Both sides agree that at the time of trial, matters of procedure were governed by the law of the forum, Illinois, while matters of substance were controlled by the law of the place of the injury, Wisconsin. Millsap v. Central Wisconsin Motor Trans. Co., 41 Ill. App.2d 1, 189 N.E.2d 793. Since the instant trial, our Supreme Court has invoked the doctrine that the local law of the State where the injury occurred shall determine the rights and liabilities of the parties unless Illinois has a more significant relationship with the occurrence. Ingersoll v. Klein, 46 Ill.2d 42, 262 N.E.2d 593.
Plaintiff's original complaint charged that defendant operated his vehicle when it was in a defective mechanical condition. Defendant moved to strike the complaint on the ground that it failed to allege that defendant had knowledge of the defect, but the motion was denied. However, at the time of trial, plaintiff withdrew her charge that the occurrence was caused by any defect in defendant's vehicle, and substituted the charge that defendant was in exclusive control of the vehicle and that the accident could not have happened without his negligence. Defendant's answer was allowed to stand to the amended complaint. That answer denied negligence with respect to the condition of the vehicle and also charged that plaintiff as a guest accepted the defects of the vehicle. In accordance with Wisconsin law, the jury was given a special verdict form. The jury found that neither of the parties were negligent and that the sole cause of the occurrence was the breaking of the A-frame, the lower control arm of the automobile rendering it uncontrollable. After verdict plaintiff raised the question of whether the pleadings sufficiently presented that issue to the jury. Although questioning the need of doing so, the trial court directed defendant to file an amended answer, setting forth that a broken A-frame in the vehicle caused the accident.

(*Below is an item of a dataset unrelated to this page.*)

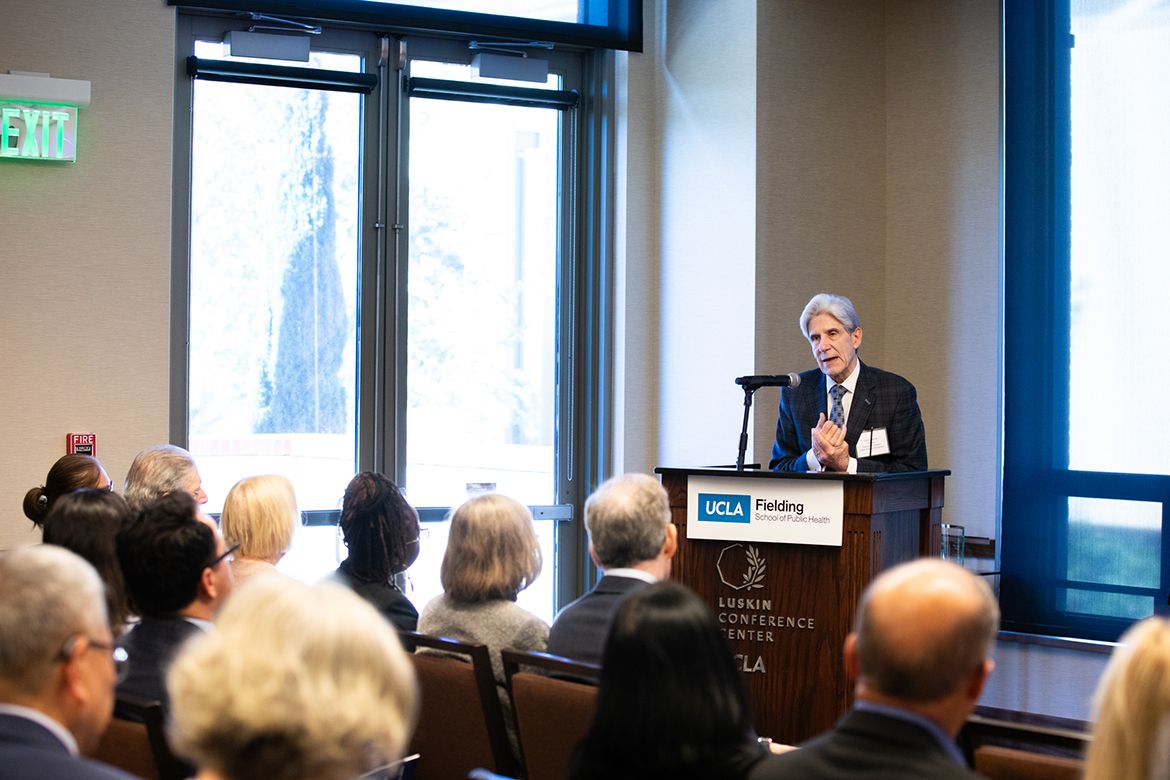 UCLA Chancellor Julio Frenk speaks at a UCLA Fielding School of Public Health podium at the Luskin Conference Center, addressing a seated audience.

Plaintiff and her husband were the vacation guests of defendant and his wife at defendant's summer home in Devil's Lake State Park, Wisconsin. The State Park is about three miles from Baraboo, Wisconsin. Late in the afternoon of August 13, 1962, defendant, accompanied by his wife and plaintiff, was driving from Baraboo to the summer home. In the middle of a curve on the road, defendant found that he could not turn the steering wheel. Defendant recalled applying the brakes to slow the car when he became aware that it was leaving the road. The wheel was locked and the car left the road on a tangent to the curve. The vehicle turned over several times and came to rest in a culvert. A county policeman measured the skid marks at 310 feet.
Plaintiff testified that she had driven the vehicle in question on the morning of the day of the accident. She said that she was unfamiliar with the car and had stalled the engine several times, but the steering mechanism had operated normally while she drove the car. Plaintiff testified that they had consumed liquor that afternoon, but that defendant's driving ability was not impaired.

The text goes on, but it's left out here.